You should also carefully read the other information incorporated by reference into this prospectus, including our consolidated and condensed
consolidated financial statements, and the exhibits to the registration statement of which this prospectus is a part.
Complete
Solaria, Inc.
Overview
Our
mission is to deliver energy-efficient solutions to homeowners and small to medium-sized businesses that allow them to lower their energy
bills while reducing their carbon footprint. With a strong technology platform, we offer clean energy products to homeowners by enabling
a national network of sales partners and build partners. Our sales partners generate solar installation contracts with homeowners on
our behalf. To facilitate this process, we provide the software tools, sales support and brand identity to its sales partners, making
them competitive with national providers. This turnkey solution makes it easy for anyone to sell solar.
We
fulfill our customer contracts by engaging with local construction specialists. We manage the customer experience and complete all pre-construction
activities prior to delivering build-ready projects including hardware, engineering plans, and building permits to its builder partners.
Corporate
Information
We
were originally known as Freedom Acquisition I Corp. We are engaged in solar system sales and associated commerce. On July 18, 2023,
Legacy Complete Solaria, FACT, First Merger Sub, Second Merger Sub and Third Merger Sub consummated the transactions contemplated under
the Business Combination Agreement, following the approval at the special meeting of the stockholders of FACT held July 11, 2023. In
connection with the closing of the Business Combination, we changed our name from Freedom Acquisition I Corp. to Complete Solaria, Inc.
Our
principal executive offices are located at 45700 Northport Loop E, Fremont, CA 94538, and our telephone number is (510) 270-2507. Our
corporate website address is https://www.completesolaria.com. Information contained on or accessible through our website is not a part
of this prospectus, and the inclusion of our website address in this prospectus is an inactive textual reference only.
“Complete
Solaria” and our other registered and common law trade names, trademarks and service marks are property of Complete Solaria, Inc.
This prospectus contains additional trade names, trademarks and service marks of others, which are the property of their respective owners.
Solely for convenience, trademarks and trade names referred to in this prospectus may appear without the ® or ™ symbols.
The
SunPower Acquisition
On
August 5, 2024, we entered into an Asset Purchase Agreement (the “APA”) with SunPower Corporation and its direct and indirect
subsidiaries (collectively “SunPower”) providing for the sale and purchase by us of certain assets relating to SunPower’s
Blue Raven Solar business and certain assets relating to the new homes and non-installing dealer network activities previously operated
by SunPower (the “Acquired SunPower Assets” and the related businesses are referred to as the “Acquired SunPower Businesses”
or the “SunPower Businesses”). The APA was entered into in connection with a voluntary petition filed by SunPower under Chapter
11 of the United States Code, 11 U.S.C.§§ 101-1532 (“Bankruptcy Code”).
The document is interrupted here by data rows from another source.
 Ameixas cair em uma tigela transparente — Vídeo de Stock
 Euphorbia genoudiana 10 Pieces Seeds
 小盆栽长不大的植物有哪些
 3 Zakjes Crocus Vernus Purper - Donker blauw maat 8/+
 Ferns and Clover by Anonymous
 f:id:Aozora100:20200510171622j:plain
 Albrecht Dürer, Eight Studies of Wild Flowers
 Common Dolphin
The sale by SunPower was approved on September
23, 2024, by the United States Bankruptcy Court for the District of Delaware. The Company completed the acquisition of the Acquired SunPower
Assets effective September 30, 2024.
Implications
of Being a Smaller Reporting Company and Emerging Growth Company
We
are a “smaller reporting company” as defined in Item 10(f)(1) of Regulation S-K. Smaller reporting companies may
take advantage of certain reduced disclosure obligations, including, among other things, providing only two years of audited financial
statements and reduced disclosure obligations regarding executive compensation. We will remain a smaller reporting company until the
last day of any fiscal year for so long as either (1) the market value of our shares of common stock held by non-affiliates does not
equal or exceed $250.0 million as of the prior June 30th, or (2) our annual revenues did not equal or exceed $100.0 million during such
completed fiscal year and the market value of our shares of common stock held by non-affiliates did not equal or exceed $700.0 million
as of the prior June 30th. To the extent we take advantage of any reduced disclosure obligations, it may make the comparison of our financial
statements with other public companies difficult or impossible.
We
are an “emerging growth company,” as defined in the Jumpstart Our Business Startups Act of 2012 (“JOBS Act”).
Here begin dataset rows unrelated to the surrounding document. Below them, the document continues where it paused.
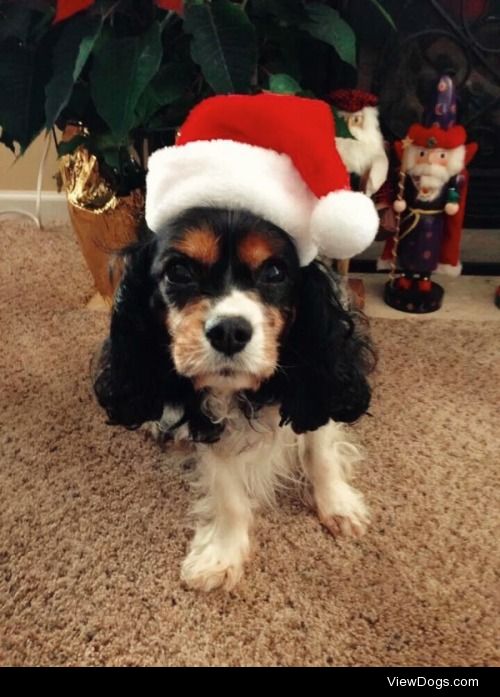 our cavalier king charles spaniel Rocky is ready for Christmas!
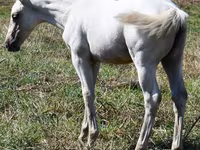 Madyan, Quarter Horse — foto 3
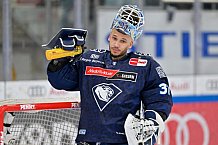Eishockey, Herren, DEL, Saison 2024-2025, Spieltag 49, ERC Ingolstadt - Straubing Tigers, 28.02.2025
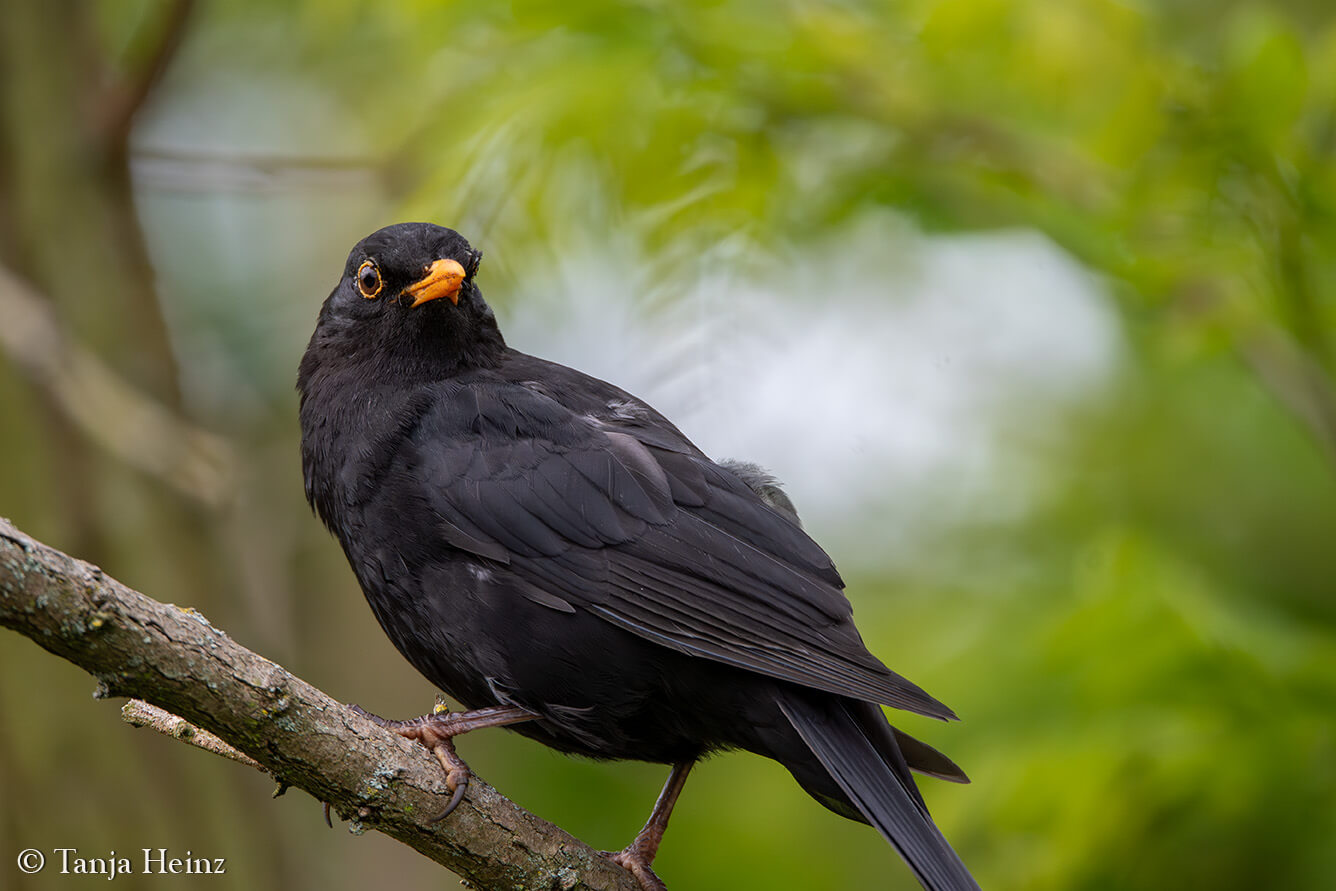 Eurasian blackbird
As an emerging growth company, we are exempt from certain requirements related to executive compensation, including the requirements
to hold a nonbinding advisory vote on executive compensation and to provide information relating to the ratio of total compensation of
our President and Chief Executive Officer to the median of the annual total compensation of all of our employees, each as required by
the Investor Protection and Securities Reform Act of 2010, which is part of the Dodd-Frank Act.
Section
102(b)(1) of the JOBS Act exempts emerging growth companies from being required to comply with new or revised financial accounting standards
until private companies (that is, those that have not had a registration statement under the Securities Act declared effective or do
not have a class of securities registered under the Exchange Act) are required to comply with the new or revised financial accounting
standards. The JOBS Act provides that a company can elect to opt out of the extended transition period and comply with the requirements
that apply to non-emerging growth companies but any such an election to opt out is irrevocable. We have elected to opt out of such extended
transition period.
We
will remain an emerging growth company until the earlier of: (1) the last day of the fiscal year (a) following the fifth anniversary
of the Closing of FACT’s IPO, (b) in which we have total annual gross revenue of at least $1.235 billion or (c) in which we are
deemed to be a large accelerated filer, which means the market value of our common equity that is held by non-affiliates exceeds $700
million as of the end of the prior fiscal year’s second fiscal quarter; and (2) the date on which we have issued more than $1.00
billion in non-convertible debt securities during the prior three-year period. References herein to “emerging growth company”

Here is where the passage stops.